Configure persistent storage

This section walks through configuring local-storage to use your MicroK8s instances hard drive for persistence storage or using Synology via iSCI. Storage can be a tricky thing with Kubernetes and is something that should be considered before diving in head first.

My experience

I started to notice that my single-node cluster/captain node was becoming overwhelmed with trying to manage k8s tasks and running services I deployed. For example, in some instances my kubectl would take up to 5 seconds or more to respond when asking for a list of pods. Good k8s practices is to separate master/captain and computing nodes. The captain nodes are solely responsible for running critical k8s services/tasks for the cluster and the computing nodes are responsible for running services like Cyberchef or Gitlab.

Unfortunately, early on in my journey with k8s I created services with persistent storage using local-storage on my single-node “cluster” but more specifically what became my captain node. When you use local-storage as the persistent volume option, it locks services using that volume to that specific node. Next, I started Googling how to migrate persistent storage from one node to another and/or migrating from local-storage to my Synology device. Per my experience and research, moving persistent storage on k8s is not really possible with vanilla k8s. The options that exist are for cloud platforms and/or walk you through some hacky solution. I personally tried these hacky solutions and it caused more headaches and loss of data then success. My recommendation is to move forward under the assumption it’s not possible and that these hacky solutions are really a last resort.

My advice/setup

In my homelab, I use local-storage and Synology for persistent storage. My recommendation would be to use Synology or equivalent persistent service like NFS for “production” services. For example, in my homelab I deem the following services “production” services: Gitlab, Vault secrets store, Prometheus metrics, and Minio (S3 alternative). The guiding questions I use to determine if a service should use Synology for persistent storage are “If I lost the data tomorrow would I be upset?” or “would the down time of this service affect me?”.

For example, I run PiHole on my k8s cluster using Synology as persistent storage. Now if I lost the data curated by PiHole I wouldn’t be upset but if that service goes down my entire home network is affected. Occasionally, I bring down nodes for general maintenance such as applying updates. If PiHole was using local-storage and I brought down the node the volume was sitting on, my home network would not be able to resolve DNS. But if I use Synology, that volume can be used by another node, thus allowing me to safely bring down nodes without interrupting my home network.

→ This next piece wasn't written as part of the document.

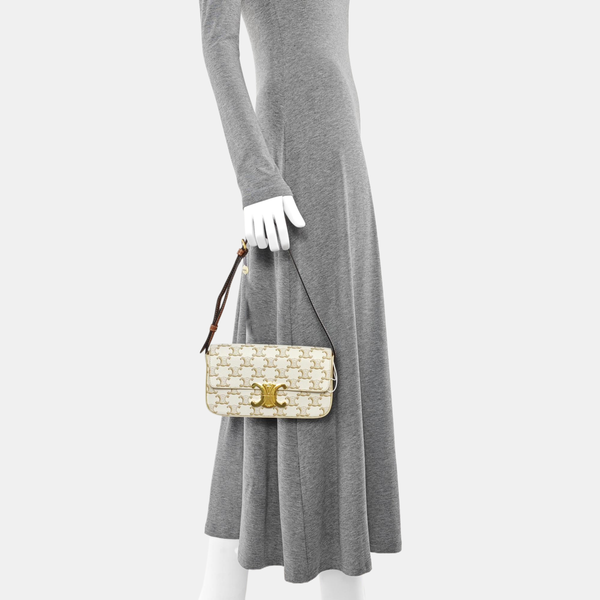 TRIOMPHE Small Coated Canvas White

Lastly, local-storage is really great for testing or tinkering with the end goal being the data will be deleted. For example, I am currently learning how to create Helm charts and I am trying to build a chart for a common open-source application. As I learn how to do this I am using local-storage as my dumping grounds. In fact, I recently purchased a cheap SSD to increase my local-storage capacity. I ran into an issue that I was doing too much prototyping that I ran out of local-storage on a single-node and thus it was not able to pull and store container images. I also ran into issues that services running on that node were impacted as a result.

Option 1: Configure local storage

  1. Install local-path storage: kubectl apply -f https://raw.githubusercontent.com/rancher/local-path-provisioner/master/deploy/local-path-storage.yaml
  2. kubectl get sc

Option 2: Configure synology-csi driver

Create a user account

The synology-csi driver requires an administrator account on your Synology device. The synology-csi driver uses the administrator account to login via the web API to create the necessary resources (iSCI endpoint and LUN volume).

  1. Log into the Synology web portal as an administrative user
  2. Control Panel > Users & Groups
  3. Select “Create”
    1. User info
      1. Enter a username into Name
      2. Create a description for the user account
      3. Enter password
    2. Join groups
      1. Select “Administrators” group
    3. Assign shared folder permissions
      1. Leave as default
    4. Assign user quota
      1. Leave as default
    5. Assign application permissions
      1. Leave as default

Configure synology-csi driver

  1. git clone https://github.com/CptOfEvilMinions/BlogProjects
  2. cd BlogProjects/microk8s/synology-storage
  3. cp client-info.yml.example client-info.yml
  4. vim client-info.yml to set username, password, and host to Synology IP/FQDN
  5. kubectl create ns synology-csi
  6. kubectl create secret generic client-info-secret -n synology-csi --from-file=./client-info.yml
  7. vim storage-class.yml and set parameters
  8. cp storage-class.yml synology-csi/deploy/kubernetes/v1.20/storage-class.yml
  9. cd ./synology-csi
  10. MicroK8s uses a different directory for kubelet storage. This sed statement will update the k8s deployment to use the proper path: sed -i '' 's#/var/lib/kubelet#/var/snap/microk8s/common/var/lib/kubelet#g' deploy/kubernetes/v1.20/node.yml

Install synology-csi driver

  1. Install the synology-csi driver: ./scripts/deploy.sh install --basic
  2. kubectl get sc

Test synology-csi driver

  1. cd ..
  2. kubectl apply -f pvc-test.yaml
  3. kubectl get pvc


  4. kubectl delete -f pvc-test.yaml

Deploy Traefik, cert-manager, and Cyberchef

Why Traefik?

The reason is simple, it has a pretty UI that provides insight into the current state/configuration of ingress routes. Choosing to use Traefik over the default ingress controller was a decision I made after several failed attempts to deploy a web application and wanting to use a familiar tool – I used Traefik in my homelab Docker environment. All the k8s wizards around the world are probably saying just run this kubectl command but in the beginning I didn’t know better. Kubernetes has a lot of moving parts and when you try to follow a blog post and it fails, it’s hard to know why OR how to debug it in the beginning. Traefik provided a way for me to confirm that at least the ingress route at a minimum was configured correctly – I needed a tool to reach me at my current skill level to help me understand if I was on the right track or not. I was also unaware at the time that the default Kubernetes dashboard would provide the same insight as Traefik.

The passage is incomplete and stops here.